• _EXERCISE DESCRIPTION_:
Starting at the line that contains "André Rio & Convidados em concerto na UCCLA", transcribe each line exactly through the end of the data below, and skip any pictures.

• _AVAILABLE DATA_:
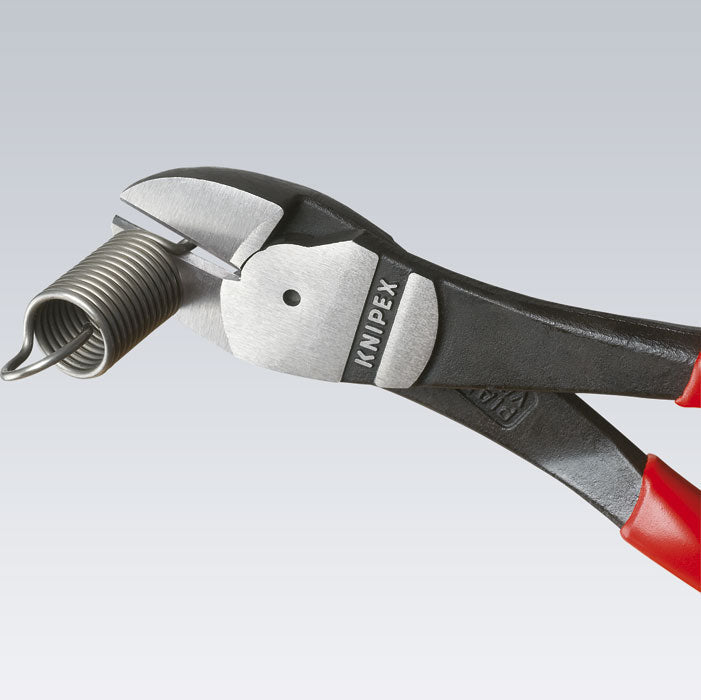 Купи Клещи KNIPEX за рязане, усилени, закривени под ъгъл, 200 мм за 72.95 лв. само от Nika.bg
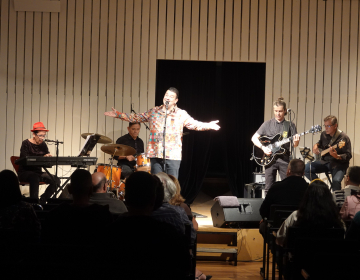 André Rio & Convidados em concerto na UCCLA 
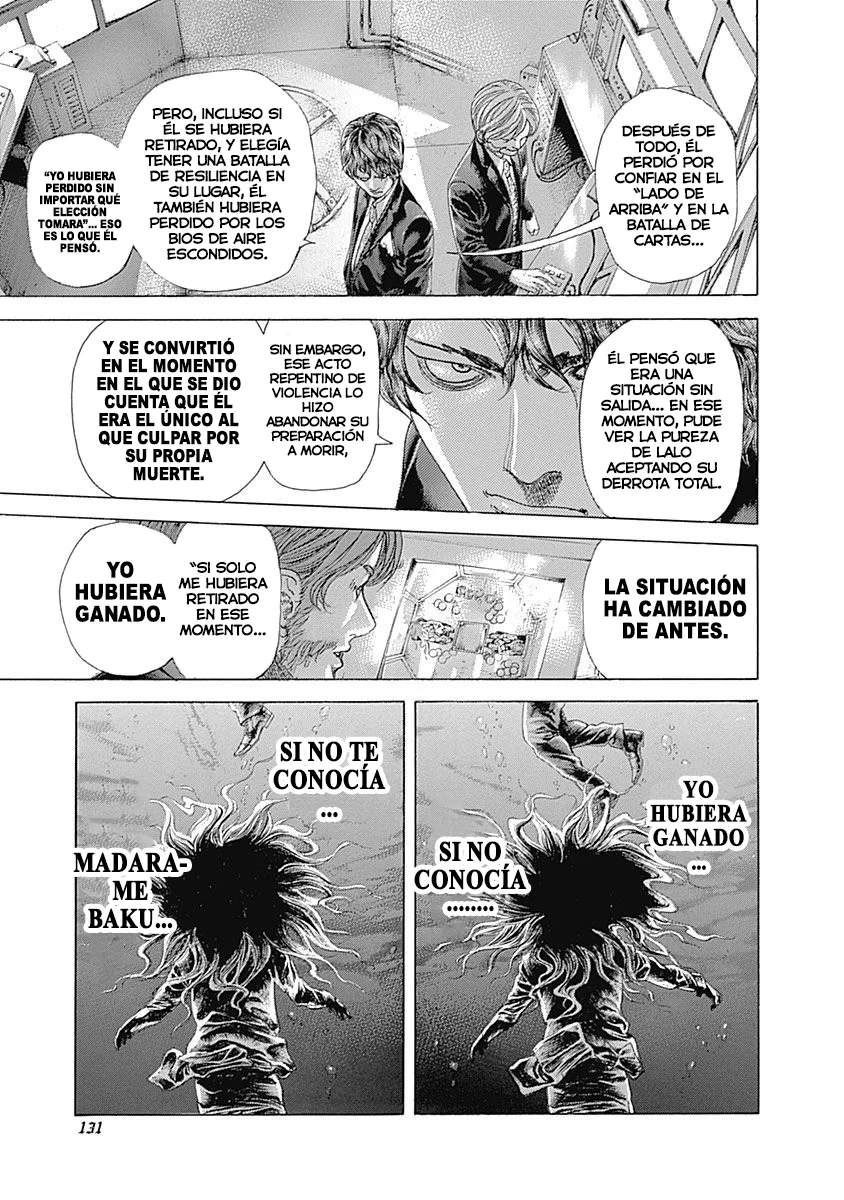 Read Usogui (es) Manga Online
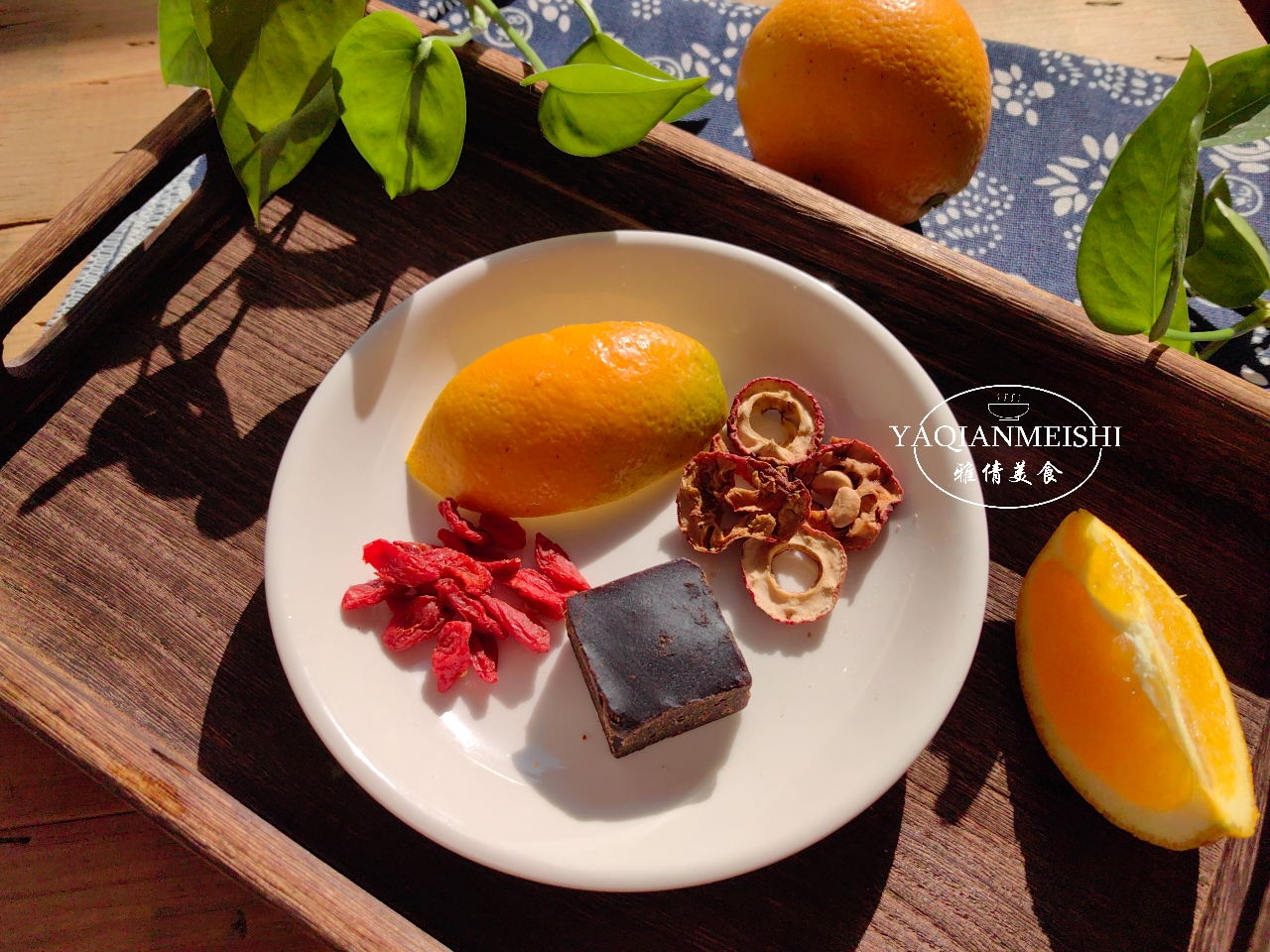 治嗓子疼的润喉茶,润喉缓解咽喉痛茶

• _TASK RESULT_:
 André Rio & Convidados em concerto na UCCLA 
 Read Usogui (es) Manga Online
 治嗓子疼的润喉茶,润喉缓解咽喉痛茶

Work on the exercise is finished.